▶ **Task item**
Reproduce exactly, and only, the lines of the material below running from the line bearing "Štychovka Fibonachos mísí" through the line bearing "Honor 8X 4/128 ГБ". Leave any pictures out.

▶ **Exercise input**

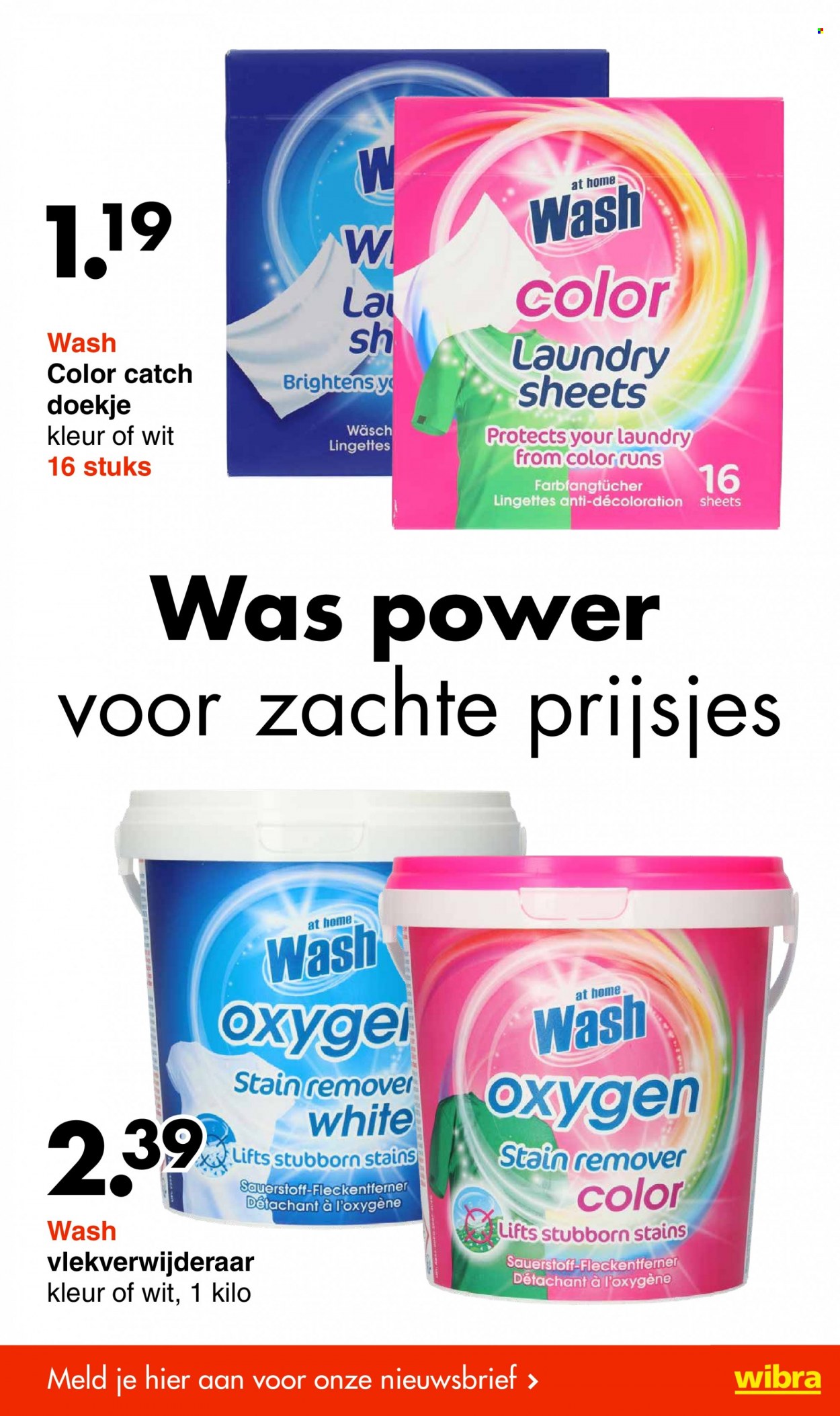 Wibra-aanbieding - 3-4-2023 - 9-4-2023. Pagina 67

---

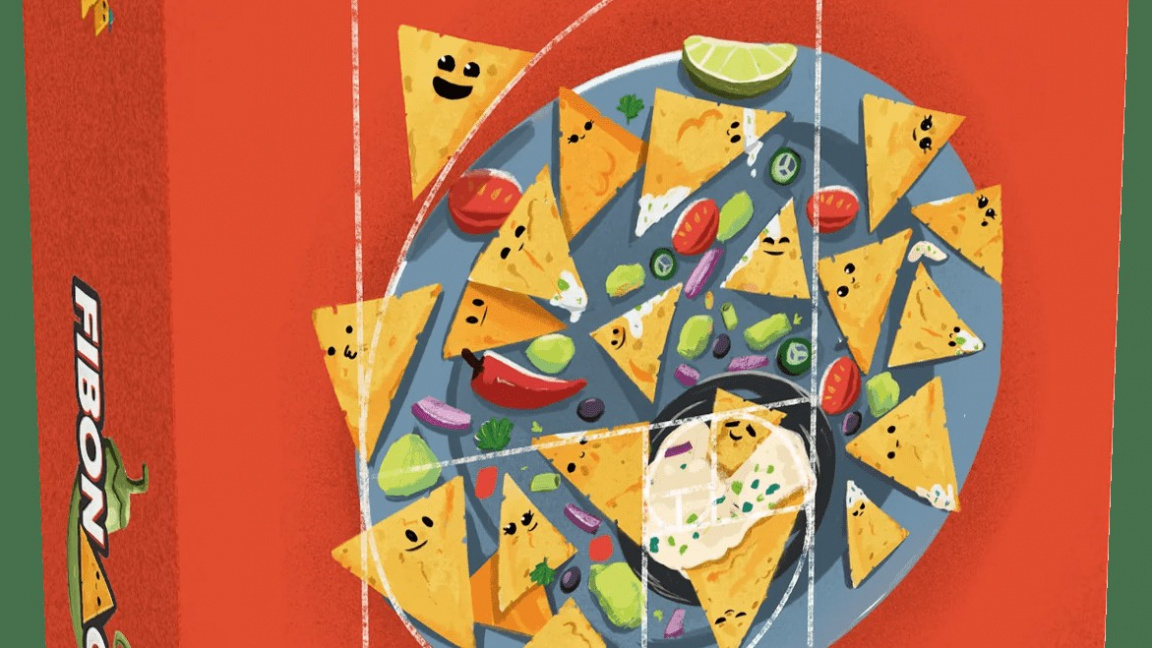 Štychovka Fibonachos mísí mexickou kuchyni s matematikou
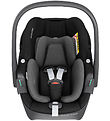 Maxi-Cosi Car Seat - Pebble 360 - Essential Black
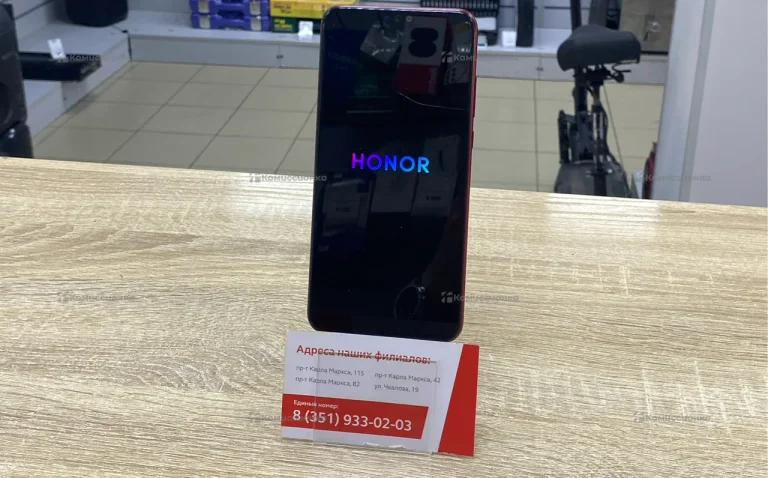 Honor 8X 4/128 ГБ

==

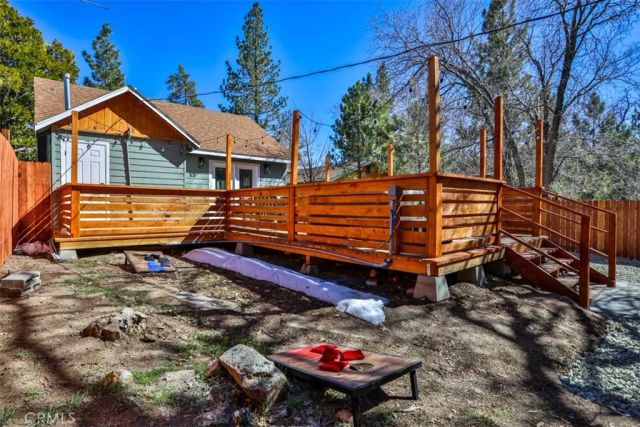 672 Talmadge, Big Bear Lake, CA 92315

▶ **Solution**
 Štychovka Fibonachos mísí mexickou kuchyni s matematikou
 Maxi-Cosi Car Seat - Pebble 360 - Essential Black
 Honor 8X 4/128 ГБ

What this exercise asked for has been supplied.